RLHF (Reinforcement Learning from Human Feedback): A training technique that fine-tunes language models based on human preference judgments, improving alignment with human values and intended use.

SAR (Suspicious Activity Report): A report filed with FinCEN by financial institutions when they detect potentially suspicious financial activity that may indicate money laundering or other financial crimes.

Sanctions: Government-imposed restrictions on financial transactions and business dealings with specific individuals, organizations, or countries.

SIGINT (Signals Intelligence): Intelligence gathered from intercepted signals, including communications and electronic emissions.

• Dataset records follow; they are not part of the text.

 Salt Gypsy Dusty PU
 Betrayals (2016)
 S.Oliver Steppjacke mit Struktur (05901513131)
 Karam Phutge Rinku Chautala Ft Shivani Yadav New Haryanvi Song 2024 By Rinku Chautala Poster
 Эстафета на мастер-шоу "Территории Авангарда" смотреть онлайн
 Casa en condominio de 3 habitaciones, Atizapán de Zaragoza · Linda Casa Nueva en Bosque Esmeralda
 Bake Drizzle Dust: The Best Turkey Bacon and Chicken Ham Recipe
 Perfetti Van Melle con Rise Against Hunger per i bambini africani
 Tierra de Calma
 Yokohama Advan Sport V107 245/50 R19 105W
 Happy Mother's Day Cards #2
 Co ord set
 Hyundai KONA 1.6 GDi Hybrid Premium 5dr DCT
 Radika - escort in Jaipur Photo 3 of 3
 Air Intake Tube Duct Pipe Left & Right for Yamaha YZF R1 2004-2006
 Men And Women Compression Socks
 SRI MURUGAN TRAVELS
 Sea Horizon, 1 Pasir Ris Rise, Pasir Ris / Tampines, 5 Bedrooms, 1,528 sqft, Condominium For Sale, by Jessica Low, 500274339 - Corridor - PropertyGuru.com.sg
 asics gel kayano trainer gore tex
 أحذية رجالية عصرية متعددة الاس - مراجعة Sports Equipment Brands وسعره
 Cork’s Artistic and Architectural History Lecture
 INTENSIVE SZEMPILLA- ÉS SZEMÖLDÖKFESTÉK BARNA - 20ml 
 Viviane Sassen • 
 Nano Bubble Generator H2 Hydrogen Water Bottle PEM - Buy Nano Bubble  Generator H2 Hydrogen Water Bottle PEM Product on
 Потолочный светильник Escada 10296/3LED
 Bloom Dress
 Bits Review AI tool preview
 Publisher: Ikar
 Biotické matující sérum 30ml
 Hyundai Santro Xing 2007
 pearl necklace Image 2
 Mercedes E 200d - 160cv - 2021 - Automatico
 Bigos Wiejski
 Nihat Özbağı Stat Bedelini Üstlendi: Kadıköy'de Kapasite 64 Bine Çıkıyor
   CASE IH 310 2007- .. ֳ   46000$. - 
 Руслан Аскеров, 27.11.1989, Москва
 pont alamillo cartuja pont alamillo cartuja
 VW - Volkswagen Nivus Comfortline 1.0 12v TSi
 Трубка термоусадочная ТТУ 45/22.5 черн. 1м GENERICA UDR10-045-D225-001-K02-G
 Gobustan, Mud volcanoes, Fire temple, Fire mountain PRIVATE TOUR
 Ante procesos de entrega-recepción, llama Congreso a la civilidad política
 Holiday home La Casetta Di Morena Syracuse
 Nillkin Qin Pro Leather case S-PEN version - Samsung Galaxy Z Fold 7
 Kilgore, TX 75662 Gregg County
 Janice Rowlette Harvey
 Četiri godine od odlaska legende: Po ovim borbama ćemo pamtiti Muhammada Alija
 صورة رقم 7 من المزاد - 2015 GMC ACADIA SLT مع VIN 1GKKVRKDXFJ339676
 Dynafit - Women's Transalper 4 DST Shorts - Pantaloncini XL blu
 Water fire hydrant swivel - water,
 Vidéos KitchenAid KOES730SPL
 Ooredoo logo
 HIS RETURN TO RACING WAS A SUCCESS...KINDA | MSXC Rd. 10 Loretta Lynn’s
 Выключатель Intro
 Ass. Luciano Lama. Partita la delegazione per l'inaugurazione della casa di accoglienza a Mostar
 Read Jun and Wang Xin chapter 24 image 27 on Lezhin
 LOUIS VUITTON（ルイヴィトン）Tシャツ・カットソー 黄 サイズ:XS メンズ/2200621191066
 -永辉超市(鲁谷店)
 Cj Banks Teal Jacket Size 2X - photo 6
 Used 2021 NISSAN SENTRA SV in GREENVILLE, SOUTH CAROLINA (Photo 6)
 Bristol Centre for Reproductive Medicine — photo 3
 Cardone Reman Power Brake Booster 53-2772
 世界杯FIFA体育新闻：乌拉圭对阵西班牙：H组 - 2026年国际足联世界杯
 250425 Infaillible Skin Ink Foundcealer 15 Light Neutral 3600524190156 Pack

SimHash: A locality-sensitive hash algorithm that allows near-duplicate detection; documents with similar content produce similar hash values.

SOCMINT (Social Media Intelligence): Intelligence gathered from social media platforms.

STIX (Structured Threat Information eXpression): A standardized language for representing and sharing threat intelligence.

Subdomain enumeration: The process of discovering subdomains of a target domain using certificate transparency logs, DNS bruteforcing, or passive sources.

Threat intelligence: Information about current or potential attacks, including indicators of compromise, threat actor profiles, and attack methodologies.

Tor (The Onion Router): An anonymizing network that routes internet traffic through multiple relay nodes to obscure origin. Used for anonymization in sensitive investigations and to access .onion dark web sites.

TTP (Tactics, Techniques, and Procedures): The behavioral profile of a threat actor, describing how they operate. Defined in frameworks like MITRE ATT&CK.

UCC (Uniform Commercial Code): A set of laws governing commercial transactions in the US. UCC filings (secured transaction records) are valuable in asset investigation.

Vector database: A database optimized for storing and searching high-dimensional vector embeddings, enabling semantic similarity search.

WHOIS: A query-response protocol for obtaining registration information about internet resources including domain names and IP address blocks. WHOIS privacy services increasingly obscure registrant data.

Zero-day: A previously unknown software vulnerability for which no patch exists. In OSINT, relevant to threat intelligence about unpatched vulnerabilities being actively exploited.